There are also several units of blood alcohol measurement in use around the world:

BLOOD Alcohol Concentration Units
Milligrams of alcohol per one hundred millilitres of blood
Usually abbreviated as – mg/100ml [or mg/100mL, or mg/%]
This unit of measurement is currently used by the United Kingdom, Ireland, Cyprus, Singapore, Malaysia, Thailand, Canada, and by most countries in the Middle East.
A typical format for a measurement result expressed in this unit is 80, with the likely range being from 0 to 500.

Grams of alcohol per one litre of blood, Promille [w/v]
Usually abbreviated as – g/L [or ‰ w/v]
This system is used throughout much of French-speaking Europe, as well as in Spain and Portugal.
A typical format for a measurement result expressed in this unit is 0.80, with the likely range being from 0.00 to 6.00.

Grams of alcohol per one kilogram of blood, Promille [w/w]
Usually abbreviated as – g/Kg [or ‰ w/w]
This system is used throughout much of German-speaking Europe, and Scandinavia. When converting from this measurement unit to another it is necessary to make use of the specific gravity of whole blood, which is 1.06.
A typical format for a measurement result expressed in this unit is 0.80, with the likely range being from 0.00 to 6.00.

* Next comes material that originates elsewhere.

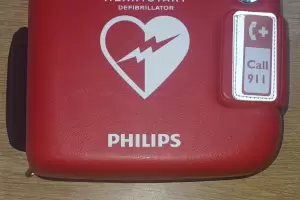 Tinogasta: buscan al due�o de un desfibrilador hallado abandonado en plena calle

Grams of alcohol per one hundred millitres of blood]
Usually abbreviated as – % BAC [or % BAL, or g/100ml]
This system is used throughout the United States, Australia, South Africa and Korea.
A typical format for a measurement result expressed in this unit is .080, with the likely range being from .000 to .600.

Millimoles of alcohol per one litre of blood]
Usually abbreviated as – mmol [or m.mol/L, or mmol]
This system is used throughout much of the medical fraternity, most typically in pathology.
When converting from this measurement unit to another it is necessary to make use of the molecular weight of ethanol, which is 46.
A typical format for a measurement result expressed in this unit is 17.4, with the likely range being from 0.0 to 99.9.